Sebagai produk unggulan Desa Maron, alpukat dari Klaster Alpukat Probolinggo juga turut hadir di Bazar UMKM BRILiaN, yang digelar di Area Taman BRI, Jakarta, pada 16 Desember 2024. Dalam sehari, alpukat yang dibawa Dodik ludes terjual.
“Bazar ini sangat membantu kami dalam memperkenalkan alpukat Probolinggo ke pangsa pasar yang lebih luas. Semoga ini bisa menginspirasi pelaku UMKM lainnya,” kata Dodik.

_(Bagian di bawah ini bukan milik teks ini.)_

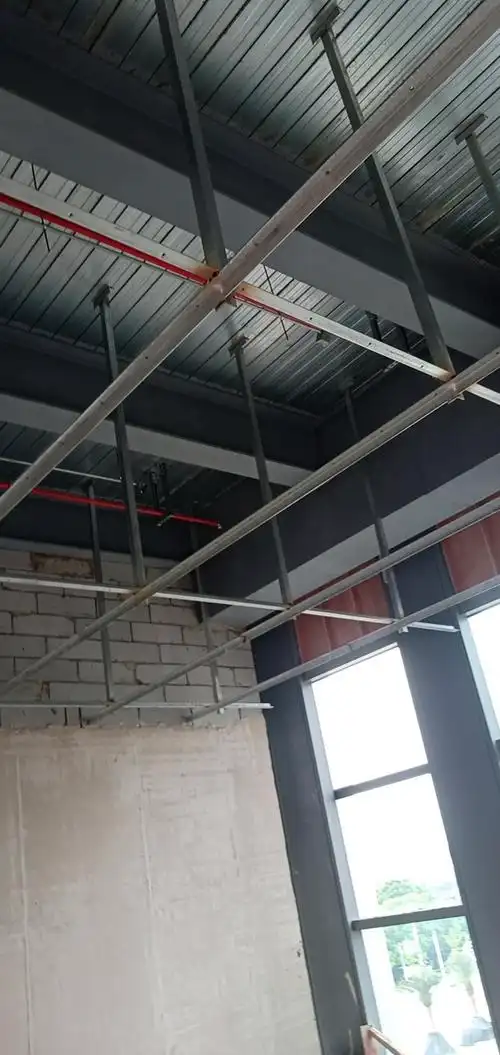 湖南长沙长沙找有实力的焊工班组,做钢结构转换层,50*50角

Dodik mengenal BRI sejak tahun 2015, ketika ia pertama kali mengajukan Kredit Usaha Rakyat (KUR) sebesar Rp50 juta. Pinjaman tersebut menjadi modal awal untuk mengembangkan usahanya. Seiring dengan ekspansi bisnisnya, Dodik meningkatkan pinjaman KUR hingga Rp150 juta.

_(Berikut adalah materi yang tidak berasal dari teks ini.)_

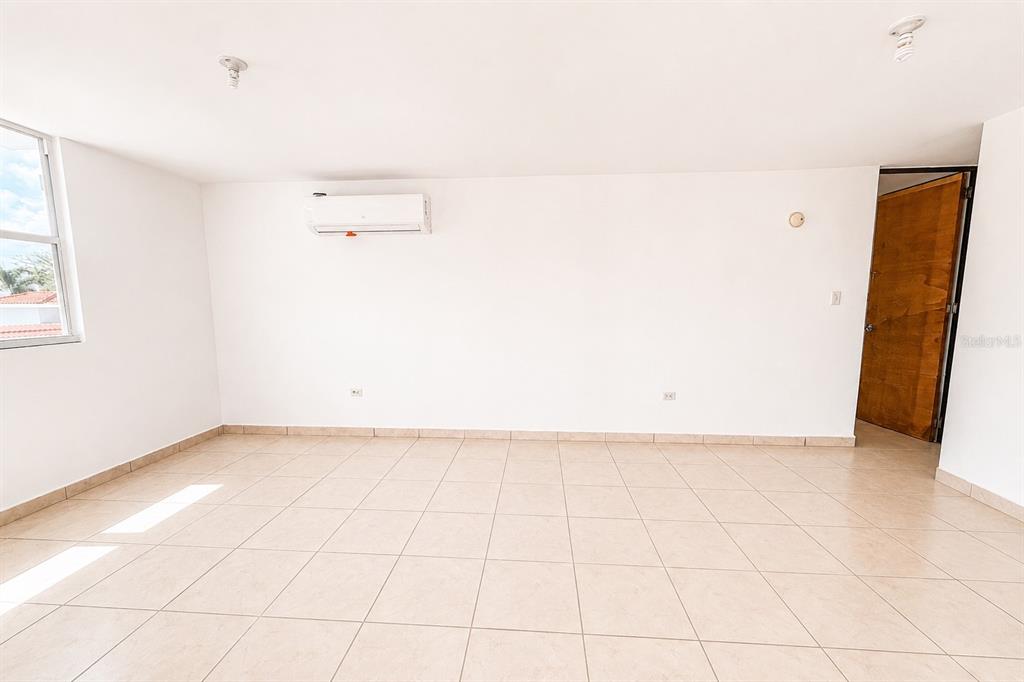 B-12, Estancias De Cerro Gordo, Calle Ninoshka, Vega Alta - 17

“Dengan BRI, kami tidak bingung mencari pinjaman ke mana. Alhamdulillah, pembayaran juga lancar. Kami sangat terbantu,” ujar Dodik.
Menurut Direktur Bisnis Mikro BRI, Supari, program Klasterku Hidupku merupakan strategi pemberdayaan berbasis komunitas yang tidak hanya mendorong perkembangan bisnis, tetapi juga membangun solidaritas antar pelaku usaha.
“Strategi bisnis mikro BRI berfokus pada pemberdayaan sebelum pembiayaan. Sebagai bank yang berkomitmen pada UMKM, BRI memiliki kerangka pemberdayaan yang dimulai dari fase dasar, integrasi, hingga interkoneksi,” jelas Supari.
Kisah sukses Dodik Handoko menjadi bukti bahwa dengan kerja keras, dukungan klaster usaha, serta akses ke pembiayaan yang tepat, UMKM dapat berkembang pesat dan menembus pasar nasional.
Kini, alpukat Probolinggo bukan sekadar hasil panen, tetapi juga simbol keberhasilan ekonomi berbasis pemberdayaan. Dengan adanya dukungan dari program Klasterku Hidupku BRI, diharapkan lebih banyak UMKM yang mampu mencapai kesuksesan serupa dan mengangkat potensi produk lokal ke level yang lebih tinggi.